I opened up for Mobb Deep. They’re a rap group from New York, and they’re like super hood. I’m from a small ass town in Canada called Vernon and they came to Vernon BC, which is like fucking insane because Vernon has like a population of about 40,000. Nobody is coming through like that. I was such a big fan of them, especially one of the artists Prodigy. He actually watched my soundcheck, and I got so nervous I just started free styling. It was the worst freestyle ever, I don’t even know what I was saying. And then afterwards I was going to say what’s up to him and I got so nervous I just walked away. I did the worst show ever, but people loved it so it’s all good.
Are you super comfortable performing now?
Oh, yeah. But I mean, I still get nervous every show.
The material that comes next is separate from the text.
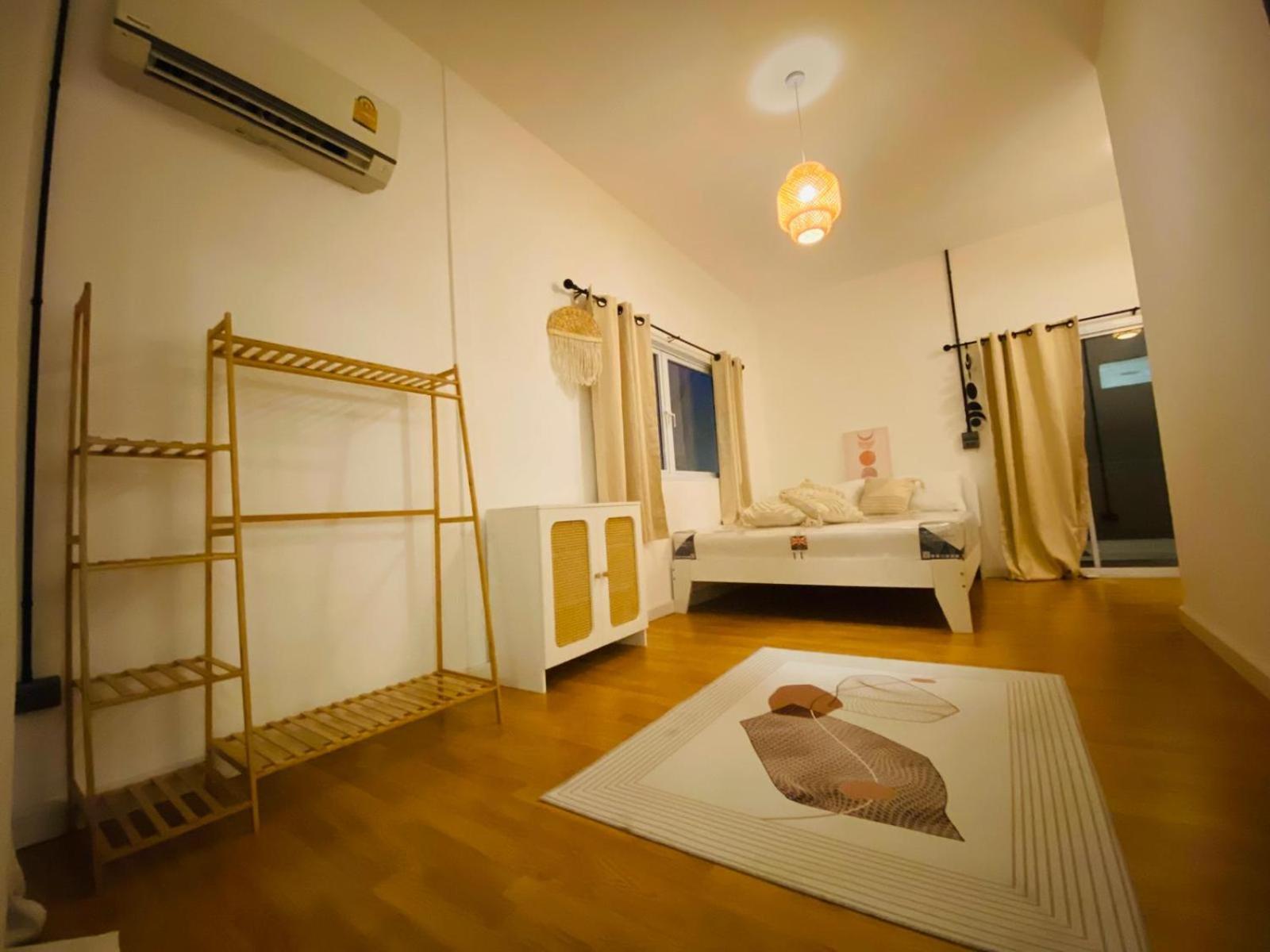 Villa Wonderworld Resort Ban Nua Luaran gambar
I feel like that’s what makes you do a good show. I’d say I’m quite comfortable though.
If you weren’t making rap music, what kind of music would you make?
Before I was ever doing rap music I was the lead singer in a punk band. We would just be singing AFI in a shitty hatchback car, I always wanted to make music, period. I don’t know what genre I’d even consider myself, I just like to say I make music. I like to say my music is getting better and that I’m getting better everyday. I’m genre-less. There’s a new song on my album that has a country vibe to it. It has a little bit of everything; rap, country, funk, soul, jazz. Whenever people ask me what kind of music I make I can’t explain it. It’s just me. I wake up every single day feeling different.
The Name EP is now out. Why is it called The Name?
It’s going to be the first time people hear my name, in a lot of regards. A lot of people are just discovering me right now on tour with Jon Bellion, and I just wanted to make a statement with this album. I wanted people to get a taste of my spectrum as an artist. Every single song is very different on this one, and I wanted to give people a deeper look into me and what my name represents.
Speaking of, where does the name SonReal come from?
Honestly, out of nowhere. I just came up with it one day and it stuck. I made it up, like, it doesn’t have a ton of meaning. But once it was my name, now it has all the meaning in the world, it’s what people call me.
What music did you listen to growing up?
I listened to a lot of Green Day. And Fleetwood Mac. My mom played a lot of Boyz 2 Men. Bryan Adams is a Canadian legend. My dad played Neil Young. And then I got into rap music and I started listening to Nas and I was just infatuated.
What did you love about rap music?
They were just telling these lyrical stories that had nothing to do with my life. That’s why I loved Nas and Mobb Deep so much, because they were telling stories about, like, growing up in Queensbridge, NY. And I was just a kid growing up in a tiny town in Canada. It brought me somewhere else and it gave me a story.
What do you think is missing from the music industry that you want to provide?
Honestly, just originality, and more people being themselves. Everyone tries to do what’s hot at the moment and we just need more people running over the hill first, people not being afraid to try new things or say something or do something that may not be cool. People just need to be themselves in their purest form.
What do you want your fans to know about The Name EP now that it’s out?
I just want them to go listen to it, I want them to enjoy it. I think it’s my best music yet. There’s some rapping, some singing, a little bit of everything. It’s badass, I think they’ll enjoy it.